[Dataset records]
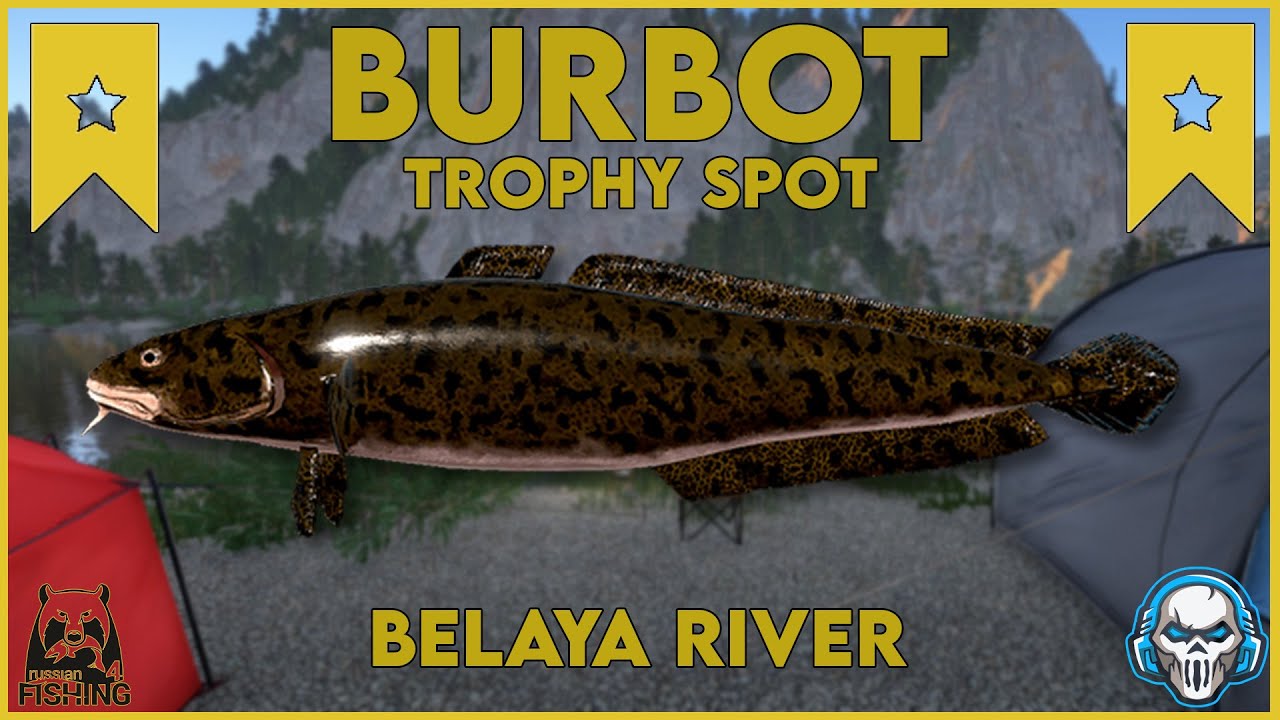 BURBOT TROPHY SPOT! BELAYA RIVER - Russian Fishing 4 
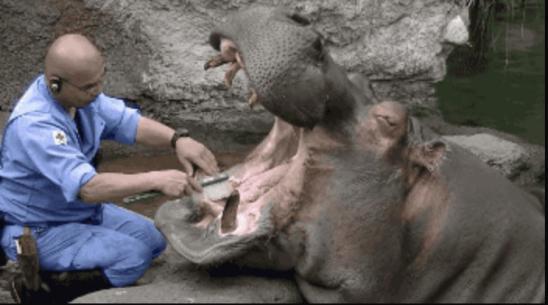 有图有真相有依据,有图有真相眼见为实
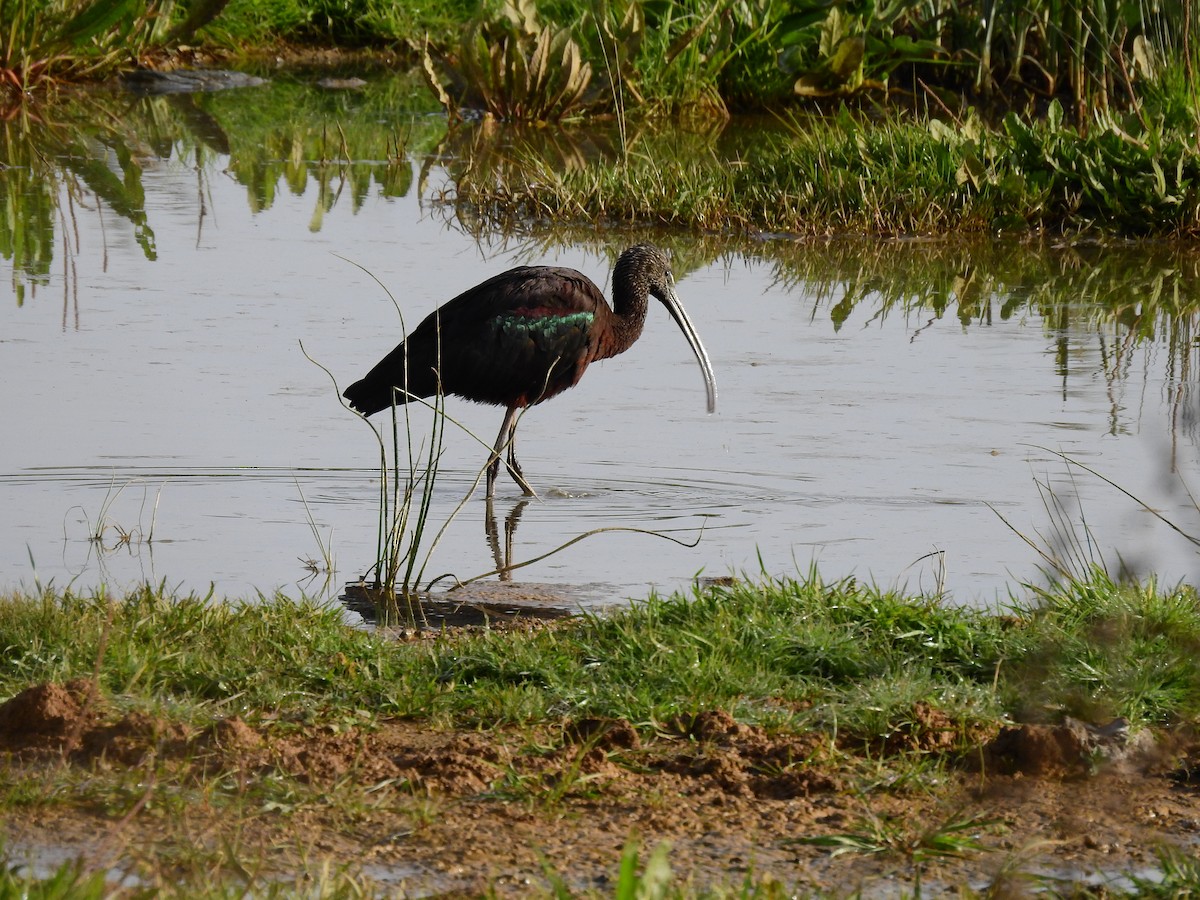 Glossy Ibis - ML408900611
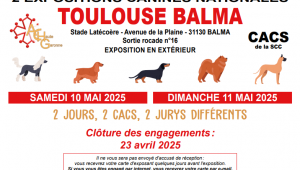Expo balma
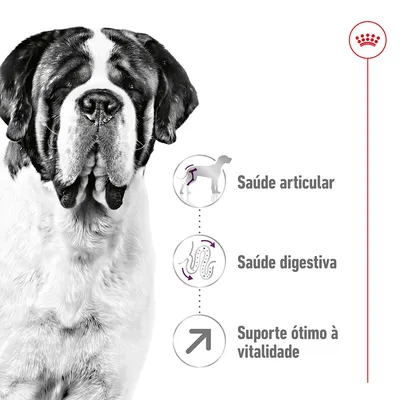 Cão de raça São Bernardo ao lado de ícones com texto: Saúde articular, Saúde digestiva, Suporte ótimo à vitalidade. Logótipo Royal Canin no canto superior direito.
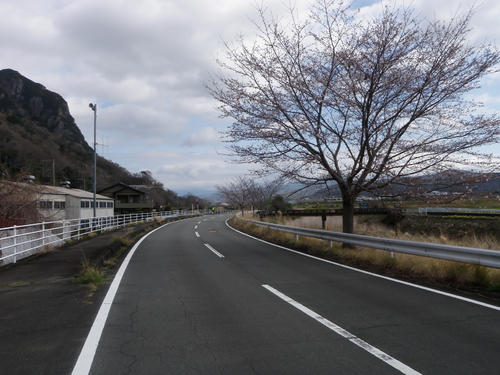 狩野川沿いの桜。まだ咲いていない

> WORK ITEM
Each word of the data should be repeated exactly, and the pictures left out.

> RESULT FOR THIS EXERCISE
 BURBOT TROPHY SPOT! BELAYA RIVER - Russian Fishing 4 
 有图有真相有依据,有图有真相眼见为实
 Glossy Ibis - ML408900611
Expo balma
 Cão de raça São Bernardo ao lado de ícones com texto: Saúde articular, Saúde digestiva, Suporte ótimo à vitalidade. Logótipo Royal Canin no canto superior direito.
 狩野川沿いの桜。まだ咲いていない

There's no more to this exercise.